The ATMOsphere Review Board has announced the final round of case studies selected for presentation at the 6th ATMOsphere Europe conference. Carrier, Danfoss, Embraco, Mitsubishi Heavy Industries, SINTEF Energy Research and Johnson Controls will present their innovative natural refrigerant technologies and projects at the event.Commercial refrigeration
Barriers and opportunities for selection of best low GWP technologies by Torben Funder-Kristensen, Danfoss
The F-Gas regulation will increase the usage of low GWP solutions in general, but especially in supermarkets. The legislative pressure will accelerate a renewal of old installations towards applicable low GWP solutions. This means that the market and the service sector must be ready for producing installations with new technology, which is a fantastic opportunity for making efficient and climate friendly systems. However, if the market is not aware of the real challenges it faces, there is a risk that less efficient solutions will be selected.
In recent years, developments in CO2 technology have continuously pushed efficiency limits and application opportunities. New components and systems are being tested with success in several supermarket test sites in Southern locations. Extended systems with heat recovery also show a very good business case. This case study will discuss factors influencing the choice of technology (short term – long term parameters) and potential pitfalls beyond the F-Gas Regulation (obey bans but sacrifice energy efficiency). It will provide a comparison between low GWP solutions for supermarkets (6 different ways to fulfill the demands of the ban) and highlight cases to show the available opportunities (heat recovery + results on ejector technology test sites). Factors influencing the technology choice are important to discuss because the energy agenda is also shifting alongside with the introduction of new refrigerants. There is a risk that more short-term solutions will be chosen, thus missing out on the opportunities for higher efficiencies.

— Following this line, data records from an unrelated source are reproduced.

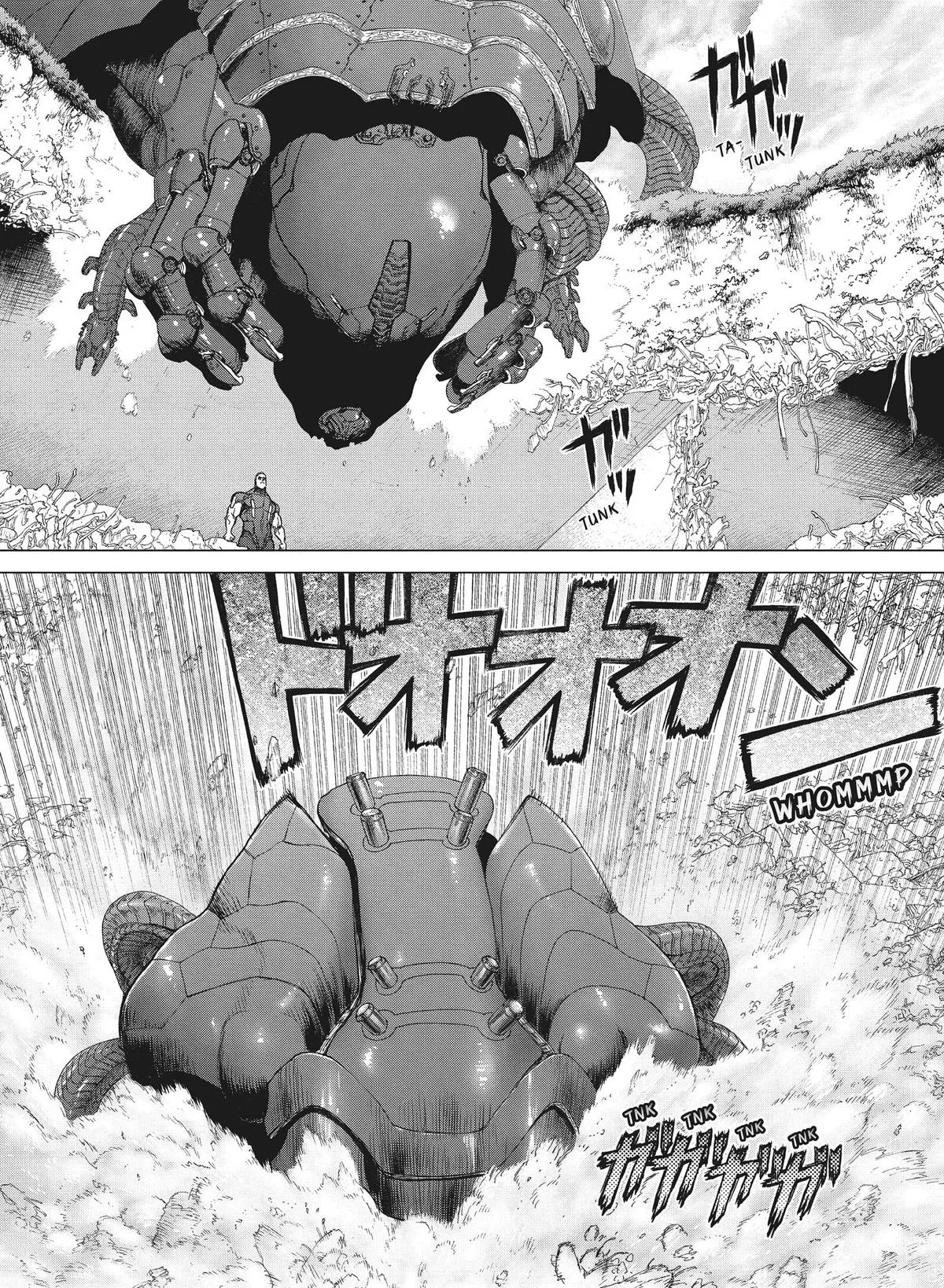 Read Origin (en) Manga Online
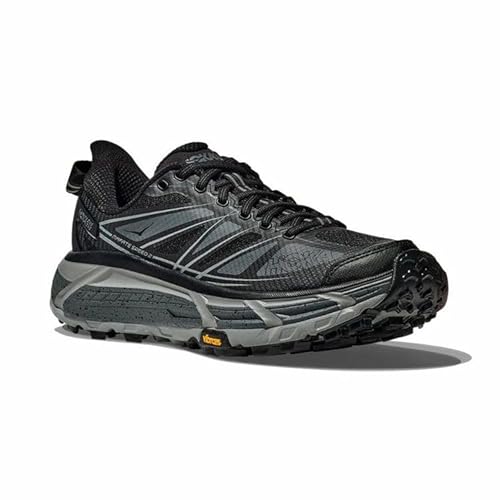 �z�J �X�j�[�J�[ �����Y ���f�B�[�X �}�t�@�e�X�s�[�h2 HOKA MAFATE SPEED 2 1126851 BLACK/CASTLEROCK(�u���b�N) US-M7.0/(25.0cm)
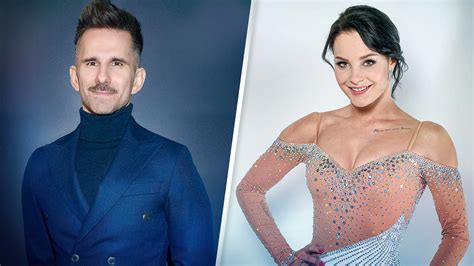 Dancing with the Stars Marcin Bosak tańczy z Wiktorią Omyłą Polsat pl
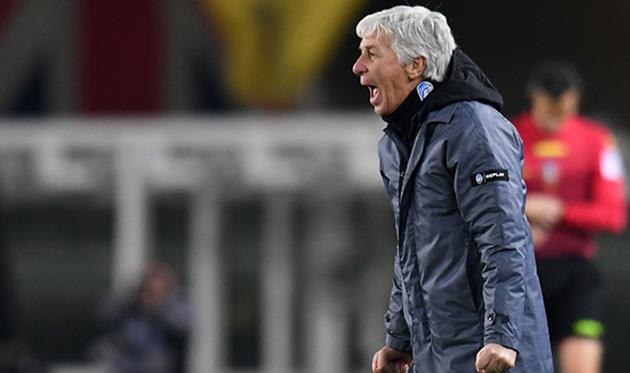 Джан Пьеро Гасперини, Getty Images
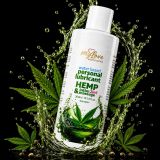 2в1 лубрикант та масажний гель - MyLove Aroma Series Intim&Massage Hemp, 300 мл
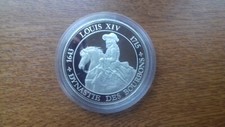 Médaille Dynastie des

Low global warming alternatives for ultralow cascade applications by Marek Zgliczynski, Embraco
For many years, Embraco has actively promoted the use of hydrocarbons in hermetic compressors. Apart from isobutane in household type appliances, significant progress has been made in the implementation of propane in light commercial plug-in systems. Even if not included in the new EU F-Gas regulation, cascade ultralow appliances can be easily modified to use hydrocarbons, thereby reducing their environmental impact.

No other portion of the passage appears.